Traceback (most recent call last):
  File "/home/superuser/miniconda3/envs/qiime2-2020.8/lib/python3.6/site-packages/q2cli/builtin/tools.py", line 158, in import_data
    view_type=input_format)
  File "/home/superuser/miniconda3/envs/qiime2-2020.8/lib/python3.6/site-packages/qiime2/sdk/result.py", line 241, in import_data
    validate_level='max')
  File "/home/superuser/miniconda3/envs/qiime2-2020.8/lib/python3.6/site-packages/qiime2/sdk/result.py", line 267, in _from_view
    result = transformation(view, validate_level)
  File "/home/superuser/miniconda3/envs/qiime2-2020.8/lib/python3.6/site-packages/qiime2/core/transform.py", line 68, in transformation
    self.validate(view, validate_level)
  File "/home/superuser/miniconda3/envs/qiime2-2020.8/lib/python3.6/site-packages/qiime2/core/transform.py", line 143, in validate
    view.validate(level)
  File "/home/superuser/miniconda3/envs/qiime2-2020.8/lib/python3.6/site-packages/qiime2/plugin/model/file_format.py", line 33, in validate
    if not self.sniff():
  File "/home/superuser/miniconda3/envs/qiime2-2020.8/lib/python3.6/site-packages/q2_types/feature_data/_format.py", line 48, in sniff
    line = fh.readline()
  File "/home/superuser/miniconda3/envs/qiime2-2020.8/lib/python3.6/codecs.py", line 321, in decode
    (result, consumed) = self._buffer_decode(data, self.errors, final)
  File "/home/superuser/miniconda3/envs/qiime2-2020.8/lib/python3.6/encodings/utf_8_sig.py", line 69, in _buffer_decode
    return codecs.utf_8_decode(input, errors, final)
UnicodeDecodeError: 'utf-8' codec can't decode byte 0xa0 in position 5353: invalid start byte

An unexpected error has occurred:

  'utf-8' codec can't decode byte 0xa0 in position 5353: invalid start byte

See above for debug info.

As I understand there's seem to be some non-ascii character. So does anybody have some soggestion on how to save my taxonomy so I can import It?

SoilRotifer · December 16, 2020, 4:51pm

Hi @jose_gacia,

What command did you run when trying to classify your reads with SILVA? When we observe many poor taxonomy assignments like this, it is typically due to mixed read orientation. I'd recommend using vsearch as outlined here:

Or installing the RESCRIPt plugin, and running rescript orient-seqs on your reads. Then retry the BLAST and/or naíve-bayes classifiers.

-Mike

Nicholas_Bokulich · December 16, 2020, 5:46pm

Hi @jose_gacia,
To add to @SoilRotifer's advice regarding improving taxonomy classification:

Excel is the issue; it is the most likely culprit, inserting special characters into the file that violate the format requirements. You might be able to use mac2unix or a similar tool to automatically remove these special characters from the file... but avoid Excel altogether if possible would be the best way to avoid these issues.

Good luck!

jose_gacia · December 17, 2020, 11:30am

Hi @SoilRotifer

Thanks for your response, This actually made the job, do you recommend extracting the specifics reads from SILVA for my amplicon primers?
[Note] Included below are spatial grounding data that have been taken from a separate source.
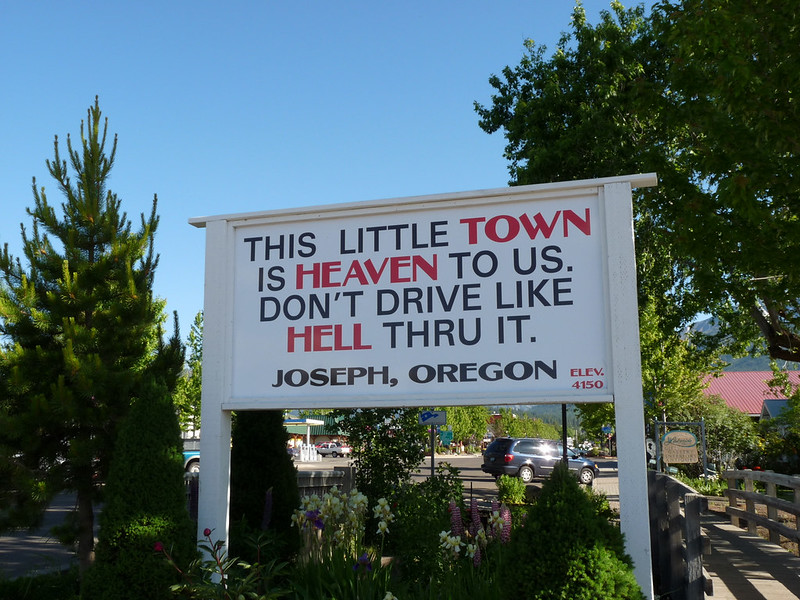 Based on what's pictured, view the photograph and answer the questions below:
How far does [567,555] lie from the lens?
423 cm

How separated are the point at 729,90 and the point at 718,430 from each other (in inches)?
879

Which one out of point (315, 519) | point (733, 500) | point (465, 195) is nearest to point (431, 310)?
point (465, 195)

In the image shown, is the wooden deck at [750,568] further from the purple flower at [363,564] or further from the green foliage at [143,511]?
the green foliage at [143,511]

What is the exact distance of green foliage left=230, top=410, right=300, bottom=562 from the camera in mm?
7363

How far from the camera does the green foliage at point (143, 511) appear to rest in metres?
5.09

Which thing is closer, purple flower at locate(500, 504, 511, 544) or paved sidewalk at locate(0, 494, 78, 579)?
purple flower at locate(500, 504, 511, 544)

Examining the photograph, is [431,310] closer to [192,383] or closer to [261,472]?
[261,472]

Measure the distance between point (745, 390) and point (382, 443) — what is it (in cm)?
4856

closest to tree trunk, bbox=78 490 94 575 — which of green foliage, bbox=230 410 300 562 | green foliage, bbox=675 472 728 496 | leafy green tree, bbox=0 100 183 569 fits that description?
leafy green tree, bbox=0 100 183 569

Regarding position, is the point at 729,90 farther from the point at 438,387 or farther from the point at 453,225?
the point at 438,387

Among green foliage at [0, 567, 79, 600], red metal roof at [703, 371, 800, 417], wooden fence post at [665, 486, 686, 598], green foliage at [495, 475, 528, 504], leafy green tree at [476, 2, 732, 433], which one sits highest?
leafy green tree at [476, 2, 732, 433]

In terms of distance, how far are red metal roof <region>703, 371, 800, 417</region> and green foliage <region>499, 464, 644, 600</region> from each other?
154 ft

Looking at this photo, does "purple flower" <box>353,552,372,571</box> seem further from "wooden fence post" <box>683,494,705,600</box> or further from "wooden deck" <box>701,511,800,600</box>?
"wooden deck" <box>701,511,800,600</box>

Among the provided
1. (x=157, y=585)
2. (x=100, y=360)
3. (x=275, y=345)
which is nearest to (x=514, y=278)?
(x=275, y=345) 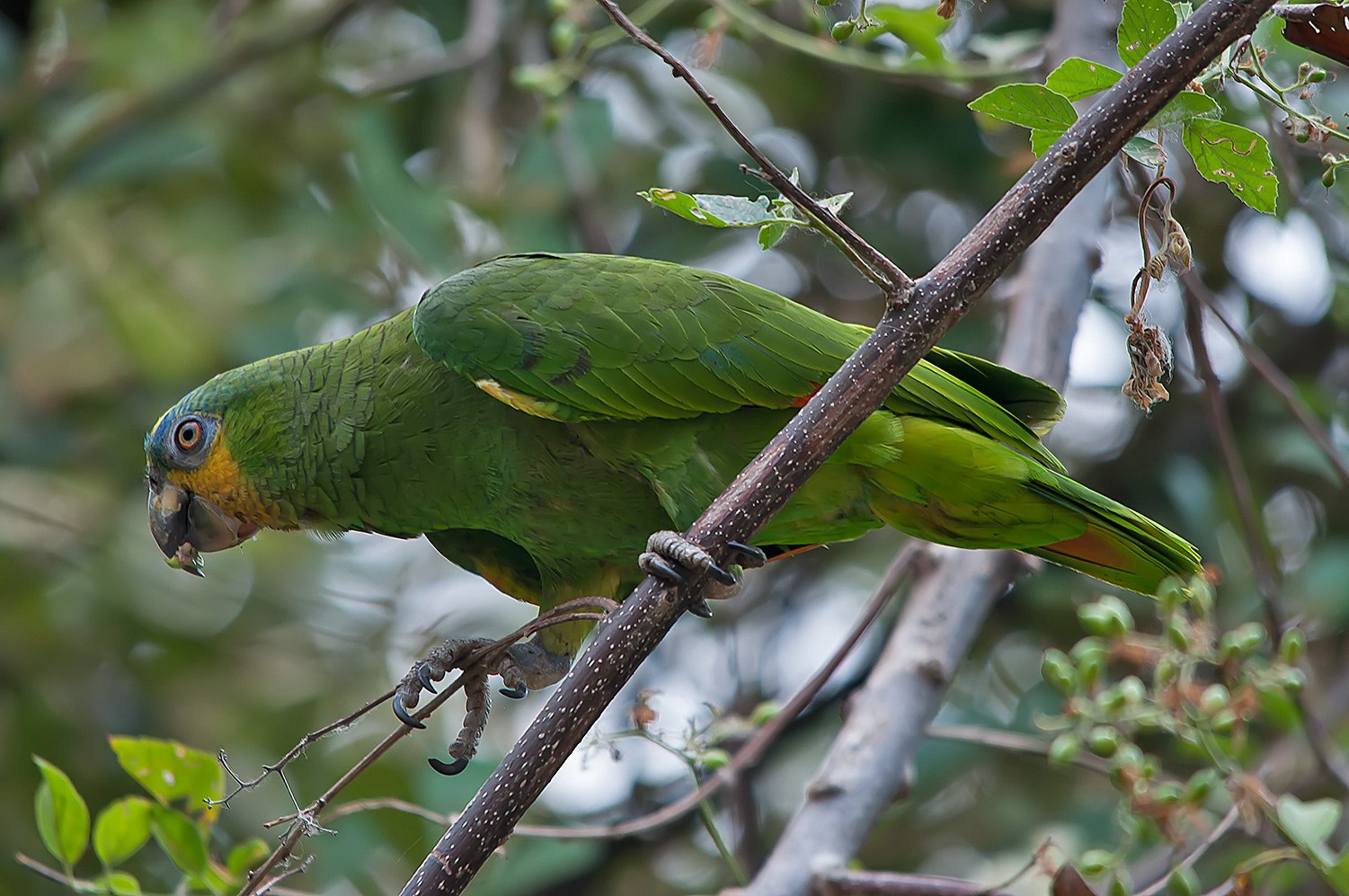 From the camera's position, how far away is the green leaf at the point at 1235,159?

Also, I wish I had this kind of answer when I asked for ways of improving my taxonomic resolution (How to enrich my 18S extemophile metagenome - #7 by cherman2)

jose_gacia · December 17, 2020, 11:32am

Hi @Nicholas_Bokulich

Thanks for your response, I manage to find all the non-ascii characters, eliminate them, and more or less been able to import my custom taxonomy.

SoilRotifer · December 17, 2020, 2:48pm

If these are indeed amplicon sequences, then yes you can try to improve your taxonomy assignments by extracting the amplicon region. But I'd suggest running against the full-length SILVA db first, to make sure you do obtain better taxonomy. If so, then it may be worth your time to extract the amplicon region.

-Mike

jose_gacia · December 17, 2020, 4:14pm

I obtained way better results with the full-length SILVA, Ill try again extracting my reads, Thanks again!!

system · January 17, 2021, 10:14pm

This topic was automatically closed 31 days after the last reply. New replies are no longer allowed.